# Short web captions
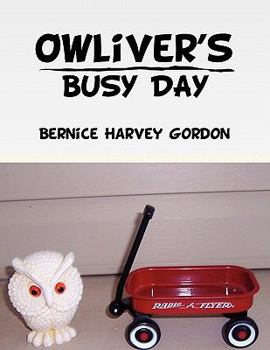 Paperback Owliver's Busy Day Book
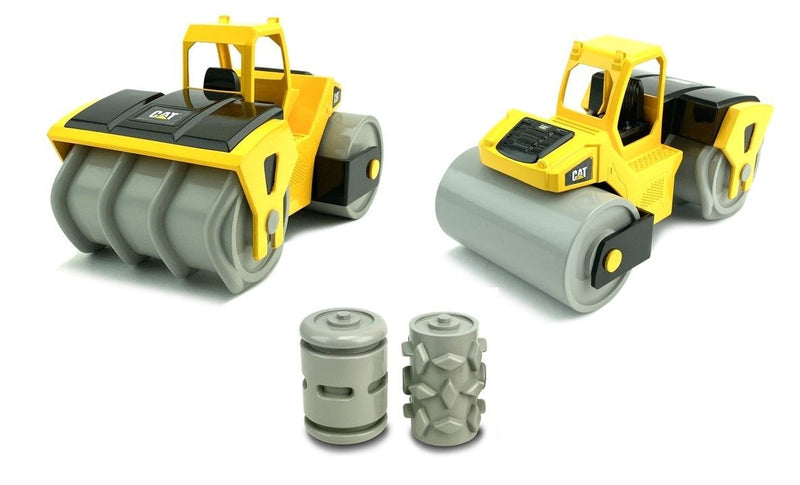 Construction Mini Crew Road Roller Sand Set for Outdoor Play, Ages 5+ K1W3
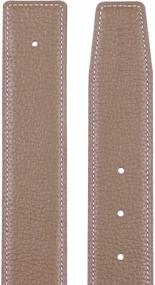 img 1 attached to Replacement Reversible Genuine Leather 32Inch Men's Accessories for Belts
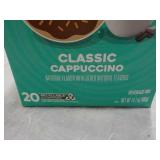 Keurig Classic Cappuccino 20 Pods B...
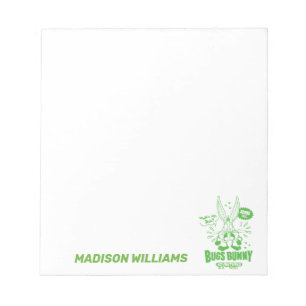 Tasty Retro BUGS BUNNY™ Notepad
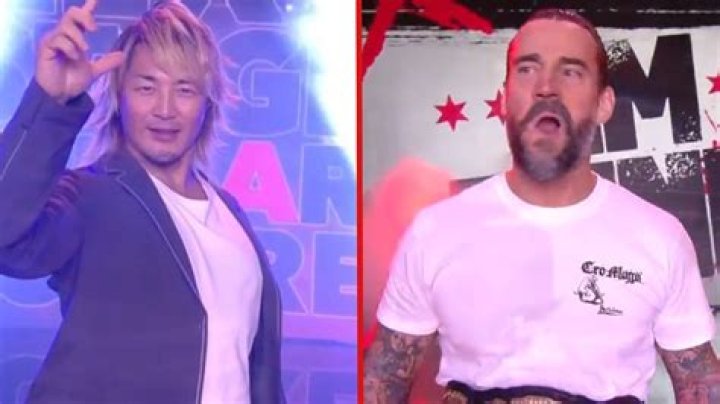 Hiroshi Tanahashi Debuts On AEW Dynamite, Challenges CM Punk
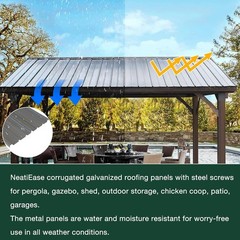 Corrugated Sheet Roofing
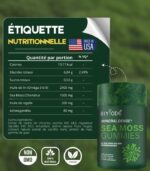 Sea Moss Gummies – Énergie, digestion & défense naturelle – Image 9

# WHAT YOU WILL DO
Transcribe nothing but the lines from the one containing "img 1 attached" through the final line of the records, exactly as written and without pictures.

# EXERCISE OUTPUT
 img 1 attached to Replacement Reversible Genuine Leather 32Inch Men's Accessories for Belts
 Keurig Classic Cappuccino 20 Pods B...
 Tasty Retro BUGS BUNNY™ Notepad
 Hiroshi Tanahashi Debuts On AEW Dynamite, Challenges CM Punk
 Corrugated Sheet Roofing
 Sea Moss Gummies – Énergie, digestion & défense naturelle – Image 9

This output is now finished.